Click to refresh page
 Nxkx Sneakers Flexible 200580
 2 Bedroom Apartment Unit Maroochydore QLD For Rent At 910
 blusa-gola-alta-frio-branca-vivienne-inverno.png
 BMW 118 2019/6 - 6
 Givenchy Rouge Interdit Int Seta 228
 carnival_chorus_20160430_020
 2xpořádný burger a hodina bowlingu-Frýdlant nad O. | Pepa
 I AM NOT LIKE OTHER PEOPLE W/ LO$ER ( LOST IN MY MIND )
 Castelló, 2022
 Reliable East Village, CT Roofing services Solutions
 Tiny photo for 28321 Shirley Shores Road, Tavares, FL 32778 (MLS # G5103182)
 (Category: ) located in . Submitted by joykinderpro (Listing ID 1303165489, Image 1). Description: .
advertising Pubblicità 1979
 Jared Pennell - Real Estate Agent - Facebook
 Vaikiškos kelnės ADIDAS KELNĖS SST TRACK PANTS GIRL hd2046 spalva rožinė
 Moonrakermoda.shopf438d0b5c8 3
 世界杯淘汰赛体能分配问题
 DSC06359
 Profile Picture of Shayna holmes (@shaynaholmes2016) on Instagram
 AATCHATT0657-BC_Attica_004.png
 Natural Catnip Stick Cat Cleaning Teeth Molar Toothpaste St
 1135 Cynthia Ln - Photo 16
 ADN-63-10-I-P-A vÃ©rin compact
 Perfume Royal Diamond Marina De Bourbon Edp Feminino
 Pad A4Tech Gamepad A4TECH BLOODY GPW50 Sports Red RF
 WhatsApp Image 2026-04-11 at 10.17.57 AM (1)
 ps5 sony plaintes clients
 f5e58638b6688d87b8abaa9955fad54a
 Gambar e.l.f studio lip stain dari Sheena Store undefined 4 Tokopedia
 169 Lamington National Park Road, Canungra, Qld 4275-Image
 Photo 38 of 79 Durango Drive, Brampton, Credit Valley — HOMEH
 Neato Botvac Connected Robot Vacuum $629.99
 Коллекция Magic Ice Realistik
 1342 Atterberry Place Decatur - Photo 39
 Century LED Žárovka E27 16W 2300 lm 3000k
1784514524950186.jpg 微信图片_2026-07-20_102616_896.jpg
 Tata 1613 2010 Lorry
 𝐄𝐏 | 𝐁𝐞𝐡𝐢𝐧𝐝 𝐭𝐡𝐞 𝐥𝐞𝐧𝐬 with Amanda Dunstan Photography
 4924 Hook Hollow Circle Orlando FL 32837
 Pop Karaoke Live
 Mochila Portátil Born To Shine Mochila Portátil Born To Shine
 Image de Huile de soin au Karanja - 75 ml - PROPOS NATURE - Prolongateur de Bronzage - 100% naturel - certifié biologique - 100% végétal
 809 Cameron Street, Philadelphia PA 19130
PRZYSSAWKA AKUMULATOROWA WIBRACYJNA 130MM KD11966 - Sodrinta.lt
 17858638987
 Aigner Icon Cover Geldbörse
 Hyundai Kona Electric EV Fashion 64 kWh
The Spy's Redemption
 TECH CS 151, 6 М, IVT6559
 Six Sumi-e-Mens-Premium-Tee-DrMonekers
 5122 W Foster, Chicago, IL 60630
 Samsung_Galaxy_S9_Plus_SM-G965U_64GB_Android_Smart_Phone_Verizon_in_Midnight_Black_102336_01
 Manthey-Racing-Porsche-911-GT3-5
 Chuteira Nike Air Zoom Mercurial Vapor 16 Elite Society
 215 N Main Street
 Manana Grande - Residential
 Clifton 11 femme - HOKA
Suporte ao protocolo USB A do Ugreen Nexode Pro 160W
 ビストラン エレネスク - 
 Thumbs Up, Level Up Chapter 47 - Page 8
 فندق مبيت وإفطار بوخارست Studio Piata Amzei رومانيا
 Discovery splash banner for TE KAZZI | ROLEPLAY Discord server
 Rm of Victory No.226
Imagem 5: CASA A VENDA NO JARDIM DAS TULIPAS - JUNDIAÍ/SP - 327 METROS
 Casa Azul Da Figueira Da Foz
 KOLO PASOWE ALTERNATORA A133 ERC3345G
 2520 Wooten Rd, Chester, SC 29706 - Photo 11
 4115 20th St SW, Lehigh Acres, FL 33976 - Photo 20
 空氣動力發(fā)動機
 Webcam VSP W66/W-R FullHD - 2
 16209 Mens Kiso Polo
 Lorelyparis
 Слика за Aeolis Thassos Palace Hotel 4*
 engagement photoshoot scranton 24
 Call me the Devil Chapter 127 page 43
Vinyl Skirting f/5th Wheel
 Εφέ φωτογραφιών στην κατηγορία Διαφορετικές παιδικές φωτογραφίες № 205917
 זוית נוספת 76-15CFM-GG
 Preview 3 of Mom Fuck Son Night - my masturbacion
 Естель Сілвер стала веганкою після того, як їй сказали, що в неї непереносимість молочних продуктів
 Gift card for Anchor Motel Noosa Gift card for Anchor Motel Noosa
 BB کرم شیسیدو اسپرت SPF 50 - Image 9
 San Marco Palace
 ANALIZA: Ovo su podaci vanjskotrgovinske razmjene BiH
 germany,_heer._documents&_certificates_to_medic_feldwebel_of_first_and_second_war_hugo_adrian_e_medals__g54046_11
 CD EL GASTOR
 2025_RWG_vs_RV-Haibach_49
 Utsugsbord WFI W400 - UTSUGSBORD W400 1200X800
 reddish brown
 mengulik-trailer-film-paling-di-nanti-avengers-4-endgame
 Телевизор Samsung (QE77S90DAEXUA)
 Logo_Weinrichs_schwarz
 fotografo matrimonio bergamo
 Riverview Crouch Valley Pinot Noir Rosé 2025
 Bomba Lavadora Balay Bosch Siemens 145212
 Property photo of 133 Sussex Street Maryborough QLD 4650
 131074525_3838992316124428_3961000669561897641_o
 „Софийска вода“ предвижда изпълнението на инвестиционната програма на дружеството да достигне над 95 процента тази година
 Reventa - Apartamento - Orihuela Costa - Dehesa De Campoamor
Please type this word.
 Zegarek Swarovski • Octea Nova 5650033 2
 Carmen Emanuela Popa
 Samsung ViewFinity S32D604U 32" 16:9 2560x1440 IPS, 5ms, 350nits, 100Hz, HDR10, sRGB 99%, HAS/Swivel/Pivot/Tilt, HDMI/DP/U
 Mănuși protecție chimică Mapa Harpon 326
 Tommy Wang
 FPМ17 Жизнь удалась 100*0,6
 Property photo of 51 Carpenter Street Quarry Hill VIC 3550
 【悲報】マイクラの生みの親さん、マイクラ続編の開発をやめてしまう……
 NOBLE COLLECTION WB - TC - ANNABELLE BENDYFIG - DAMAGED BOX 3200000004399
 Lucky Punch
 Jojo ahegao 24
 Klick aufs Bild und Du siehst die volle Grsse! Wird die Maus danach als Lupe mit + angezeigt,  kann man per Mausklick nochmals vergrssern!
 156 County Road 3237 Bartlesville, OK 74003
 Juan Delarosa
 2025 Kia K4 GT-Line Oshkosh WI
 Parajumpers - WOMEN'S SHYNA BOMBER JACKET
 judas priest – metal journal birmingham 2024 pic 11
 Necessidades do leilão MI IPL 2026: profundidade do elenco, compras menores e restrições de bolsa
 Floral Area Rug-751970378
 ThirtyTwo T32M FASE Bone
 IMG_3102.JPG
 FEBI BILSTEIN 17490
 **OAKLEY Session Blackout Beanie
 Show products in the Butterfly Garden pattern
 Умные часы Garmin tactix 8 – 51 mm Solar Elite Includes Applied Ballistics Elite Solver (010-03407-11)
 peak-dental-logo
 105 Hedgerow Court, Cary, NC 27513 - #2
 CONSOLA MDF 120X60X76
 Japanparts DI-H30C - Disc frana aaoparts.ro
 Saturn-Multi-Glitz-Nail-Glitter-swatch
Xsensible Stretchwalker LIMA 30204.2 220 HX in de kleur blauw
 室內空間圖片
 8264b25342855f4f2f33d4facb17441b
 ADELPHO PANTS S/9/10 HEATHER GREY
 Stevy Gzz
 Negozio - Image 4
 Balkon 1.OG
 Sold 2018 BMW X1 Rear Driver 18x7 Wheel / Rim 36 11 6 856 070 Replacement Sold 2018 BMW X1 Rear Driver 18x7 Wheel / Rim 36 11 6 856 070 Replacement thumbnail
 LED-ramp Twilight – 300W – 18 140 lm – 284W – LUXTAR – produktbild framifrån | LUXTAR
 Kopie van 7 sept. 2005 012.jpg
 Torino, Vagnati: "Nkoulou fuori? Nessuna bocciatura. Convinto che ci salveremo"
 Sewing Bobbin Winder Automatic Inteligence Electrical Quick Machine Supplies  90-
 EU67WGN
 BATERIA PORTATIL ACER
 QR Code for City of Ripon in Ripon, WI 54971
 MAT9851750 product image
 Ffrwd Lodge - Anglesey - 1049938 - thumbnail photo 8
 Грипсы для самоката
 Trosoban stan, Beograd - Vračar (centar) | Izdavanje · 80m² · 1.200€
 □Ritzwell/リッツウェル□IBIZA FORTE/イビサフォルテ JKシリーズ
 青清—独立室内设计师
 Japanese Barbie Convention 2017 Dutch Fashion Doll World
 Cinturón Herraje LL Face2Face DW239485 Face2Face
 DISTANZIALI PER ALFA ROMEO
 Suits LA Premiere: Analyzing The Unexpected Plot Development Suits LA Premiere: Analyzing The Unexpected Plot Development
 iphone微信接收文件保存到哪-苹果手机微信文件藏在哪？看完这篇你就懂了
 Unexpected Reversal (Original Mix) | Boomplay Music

• • • • • • •

* [Task]: Only the lines from the start of the material through the line containing "Gambar e.l.f studio" should be repeated, and they should be repeated exactly.

* [Finished task]:
Click to refresh page
 Nxkx Sneakers Flexible 200580
 2 Bedroom Apartment Unit Maroochydore QLD For Rent At 910
 blusa-gola-alta-frio-branca-vivienne-inverno.png
 BMW 118 2019/6 - 6
 Givenchy Rouge Interdit Int Seta 228
 carnival_chorus_20160430_020
 2xpořádný burger a hodina bowlingu-Frýdlant nad O. | Pepa
 I AM NOT LIKE OTHER PEOPLE W/ LO$ER ( LOST IN MY MIND )
 Castelló, 2022
 Reliable East Village, CT Roofing services Solutions
 Tiny photo for 28321 Shirley Shores Road, Tavares, FL 32778 (MLS # G5103182)
 (Category: ) located in . Submitted by joykinderpro (Listing ID 1303165489, Image 1). Description: .
advertising Pubblicità 1979
 Jared Pennell - Real Estate Agent - Facebook
 Vaikiškos kelnės ADIDAS KELNĖS SST TRACK PANTS GIRL hd2046 spalva rožinė
 Moonrakermoda.shopf438d0b5c8 3
 世界杯淘汰赛体能分配问题
 DSC06359
 Profile Picture of Shayna holmes (@shaynaholmes2016) on Instagram
 AATCHATT0657-BC_Attica_004.png
 Natural Catnip Stick Cat Cleaning Teeth Molar Toothpaste St
 1135 Cynthia Ln - Photo 16
 ADN-63-10-I-P-A vÃ©rin compact
 Perfume Royal Diamond Marina De Bourbon Edp Feminino
 Pad A4Tech Gamepad A4TECH BLOODY GPW50 Sports Red RF
 WhatsApp Image 2026-04-11 at 10.17.57 AM (1)
 ps5 sony plaintes clients
 f5e58638b6688d87b8abaa9955fad54a
 Gambar e.l.f studio lip stain dari Sheena Store undefined 4 Tokopedia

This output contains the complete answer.